Would it make more sense to use lucene.net rather than examine to write my code, now when ive read how lucene is working and know about the syntax.
Hopefully you guys know a bit more about this subject than me, and can give me some guidence, it would be much apriciated!
With regards to autocomplete you could write something yourself so jquery autocomplete and some kind of webservice / rest / base or whatever you like end point to give you back the results. With regards to did you mean I did it ages ago on a site however was using lucene.net. In theory you could still use spellchecker contribution package. As far as I am remember (see page 279 lucene in action 2nd edition) you need the word you want to spell check and you need the directory to the index.

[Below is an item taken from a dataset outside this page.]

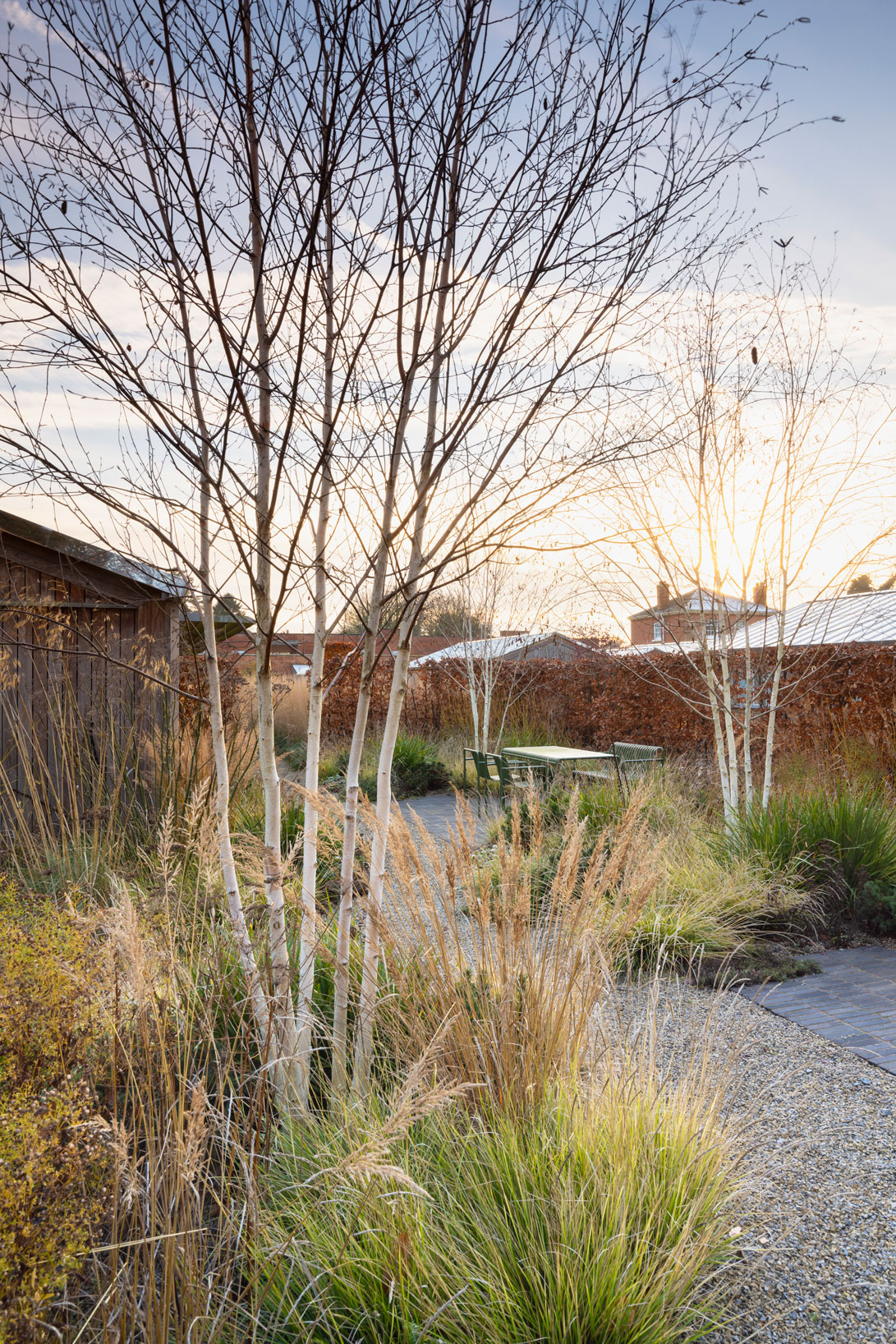 walled garden in winter with grasses and gravel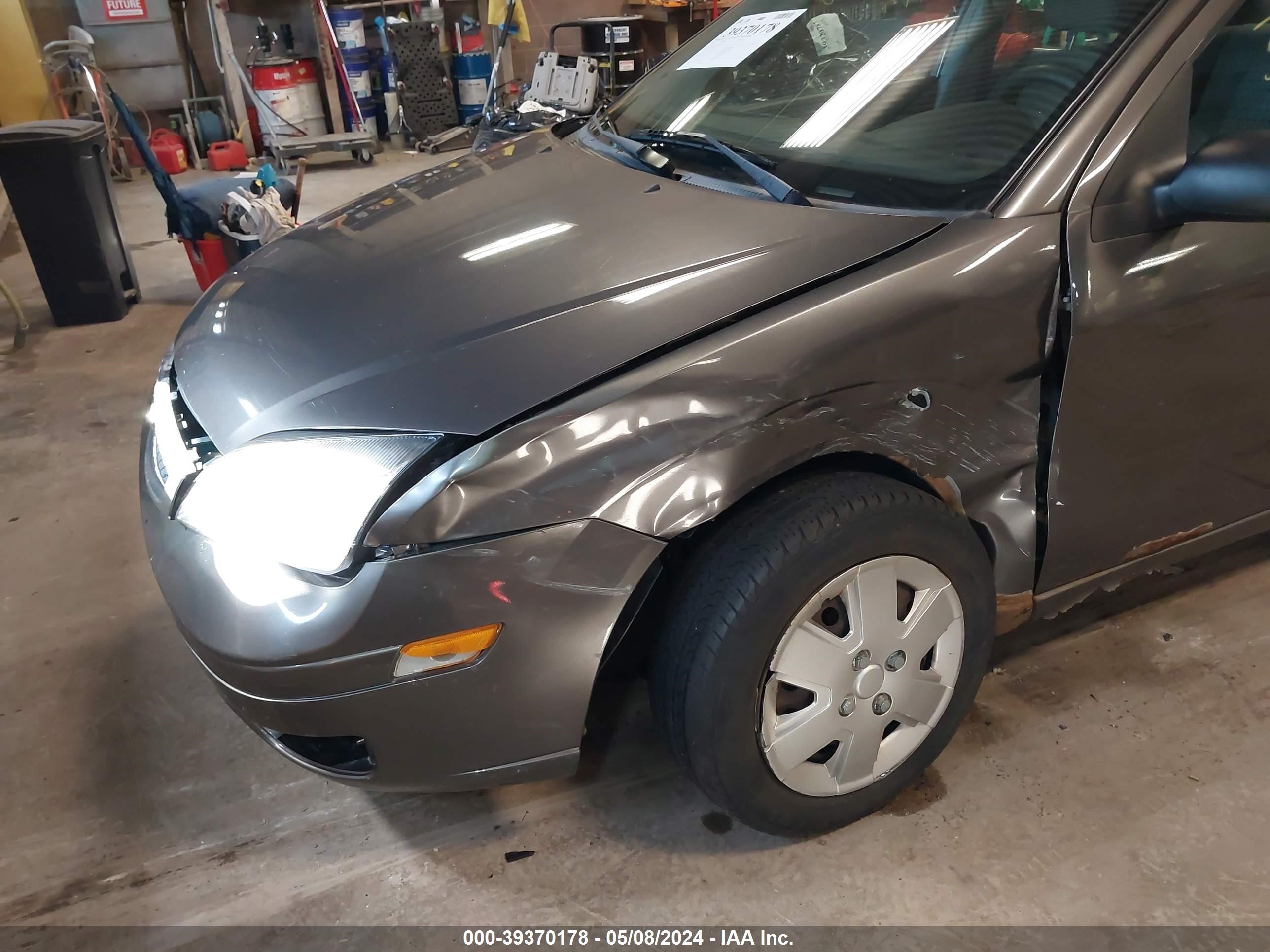 Photo 5 VIN: 1FAHP34N77W208198 - FORD FOCUS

The word you already have and using examine to get the directory path is something like
var index = (UmbracoContentIndexer)ExamineManager.Instance.IndexProviderCollection[myIndex];
you can then get lower level access to the lucene.net objects and path to the lucene directory
This might seem like a stupid question, but after having read link you gave, i've opened global.asax, but i can't reach the .cs file for global.asax, so i can't edit where i am supposed to. How come this ?!
I install the plugins UComment, unfortunately post comments on content (PageID) then I want to post comments on a well-defined product (ProductID)

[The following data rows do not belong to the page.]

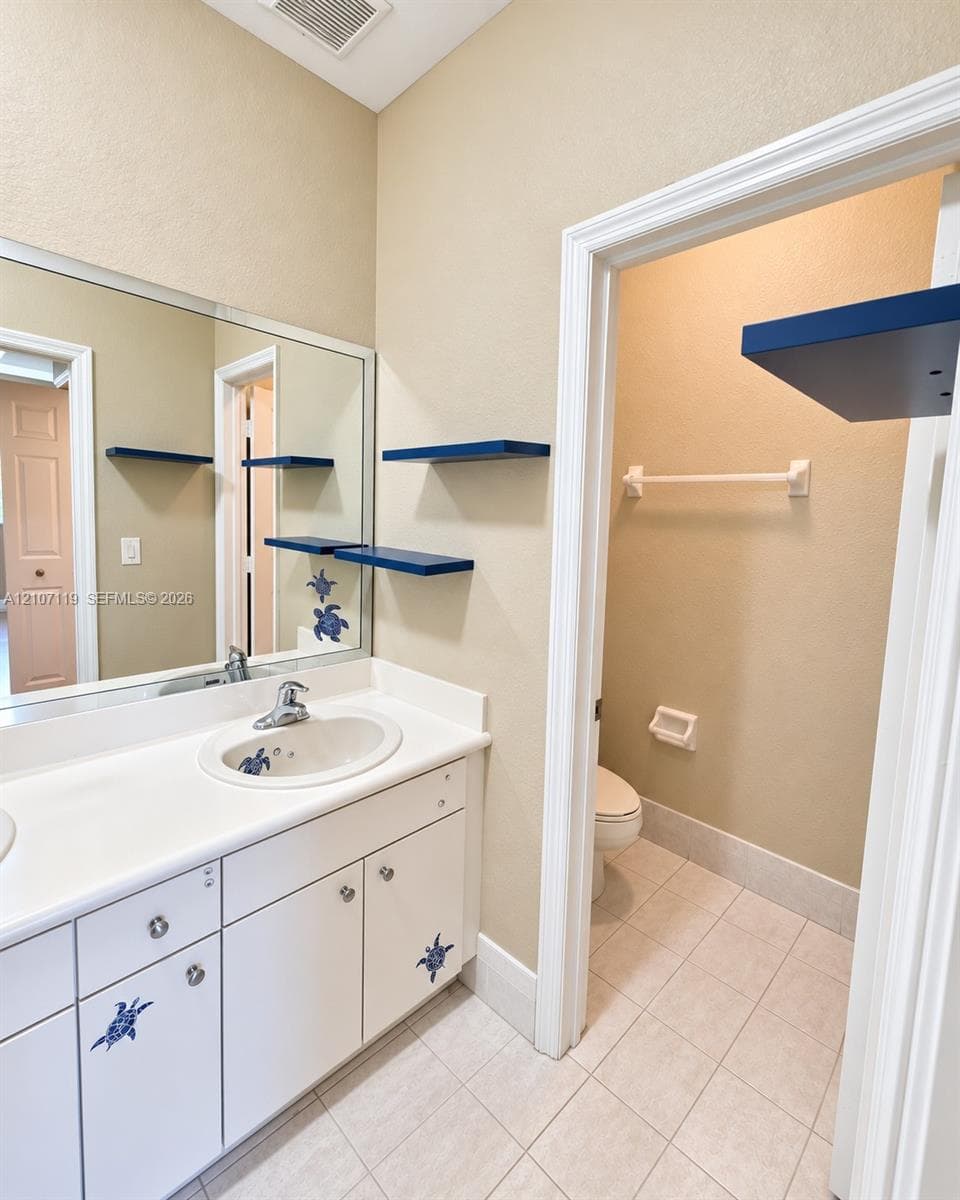White vanity with integrated basin, solid-surface countertop, full-width mirror, and ceramic tile flooring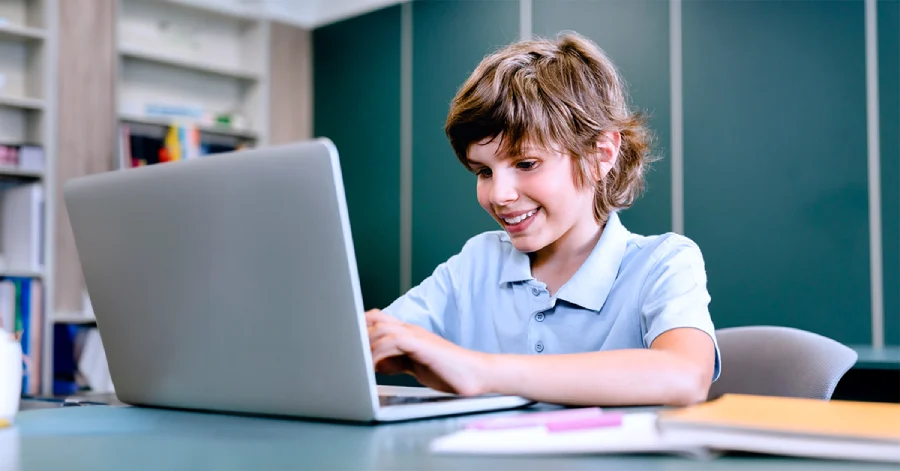 A male student with a laptop learning about multilingual captions and dubbing. 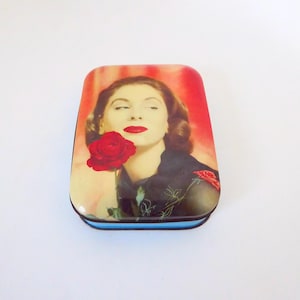 Può includere: Una scatola di latta in stile vintage con un'immagine colorata di una donna con rossetto rosso e una rosa rossa. Lo sfondo è un gradiente rosso e arancione.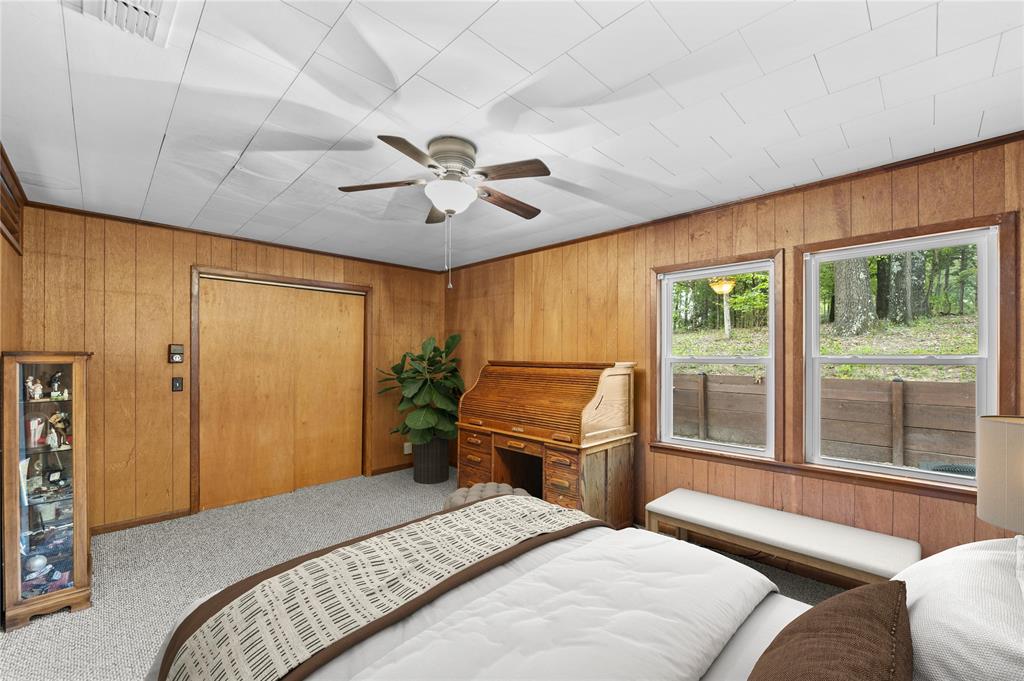 998 County Road 3230 Quitman, TX 75783 - Photo 14 of 24 a bedroom with a large bed and a chandelier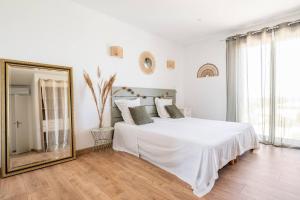 a white bedroom with a large bed and a mirror at Maison accueillante à Roquebrune-sur-Argens avec piscine privée in Roquebrune-sur-Argens +27 photos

is that you can help me on this?
Regards
Anis
I sadly dont know the anything about the thing you are asking, though, i recommend you make a topic yourself, explaining the problem, then there sure will be people who can knows more than me, that can help you. Hope you find a way to figure it out! :)

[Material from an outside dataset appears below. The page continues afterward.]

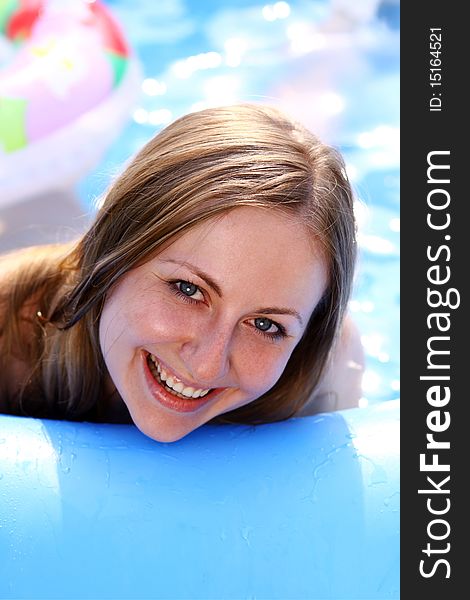 Happy Woman In Swimming Pool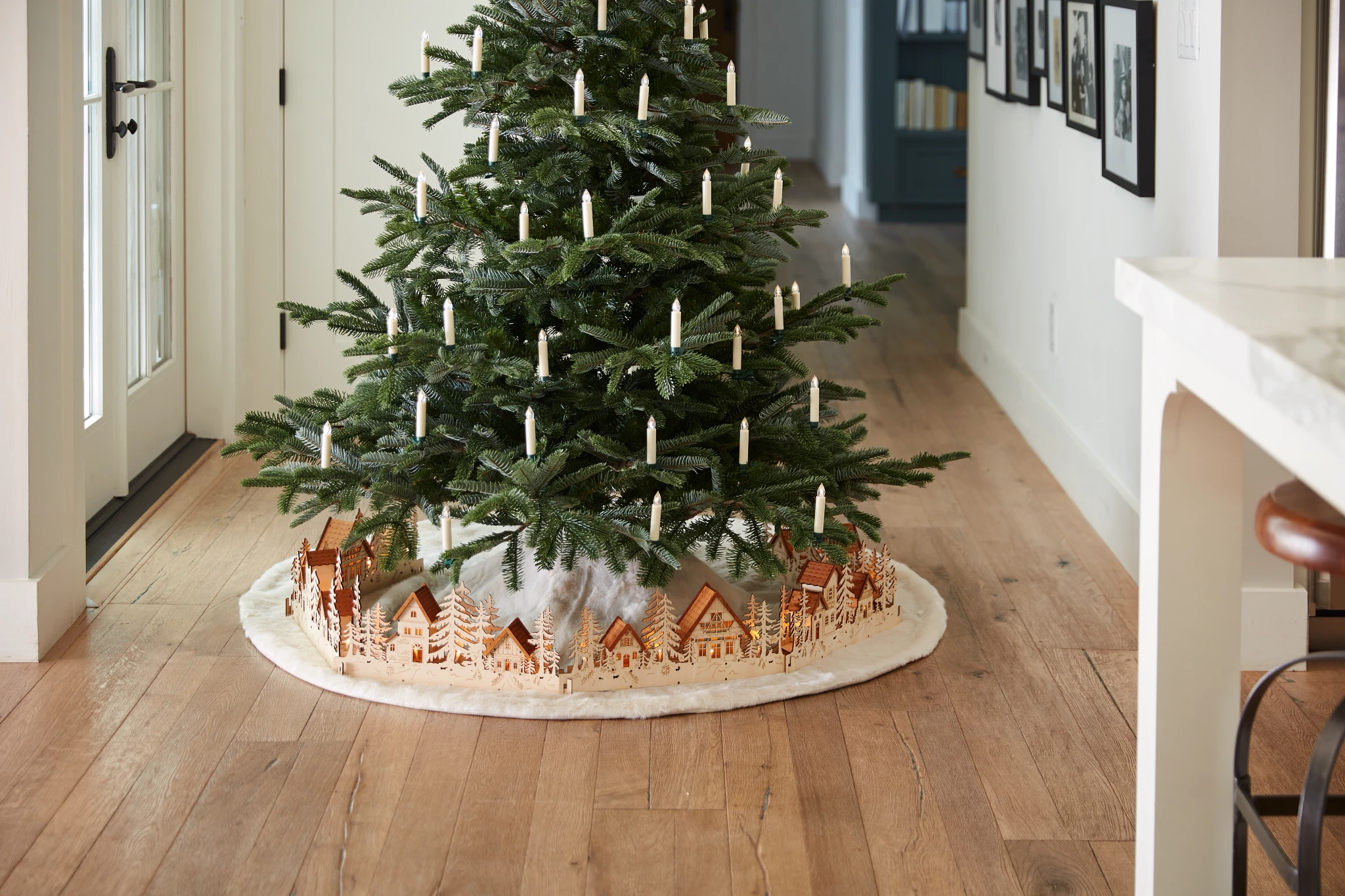 Artificial Christmas tree decorated with LED candles and Christmas village tree collar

I have given you the new topic link via twitter twice here it is again http://our.umbraco.org/forum/core/general/NewTopic create your question there and then you can get help. This topic is regarding a particular search issue.
ive been looking over the links you sent, and i just can't find to figure a way to create a custom stopword list. Ive tried making a class that has inheritance from IApplicationStartupHandler, and from there i can fetch the actual stoplist, but i can't set it.
public class WebsiteSearchIndexerEvents : IApplicationStartupHandler
ill check it out.. Though it is outside of the scope of this post.. Do you have any experience dealing with autocomplete functionality for examine / Lucene, ? , we would really like to get some live sugestions for the users. But ive searched the web thin the last couple of days, and im still on rock buttom. I thought that you might know a bit about it ?
For server side element to supply the data ajaxically to the client you have a number of options:
Quick and dirty, create a new template say for the home page call it autocomplete. Create a razor macro call it autocompleteajax and do the search in that write back the data in the macro as json string send back page name and page url.
I worked on it yesterday, and made some great progess in trying it out in a Console application. I used another version of Lucene, where Shingle was implemented, to create the terms for autocompletion. but when i wanted to merge it with my umbraco application, there was complications with having 2 different version of lucene at the same time. And there wasn't any easy way out of it, as far as the Seniors knew, so know i have to create a new a whole new site which will be used as a proxy of some kind, which ill call through jQuery Autocomplete, to recieve the autocomplete surgestions.
though the question was more about how i could make autocomplete with examine/lucene in the current Umbraco version. But i've figured out how :) - Shingle! , but as told earliere, its from 3.0.3.0.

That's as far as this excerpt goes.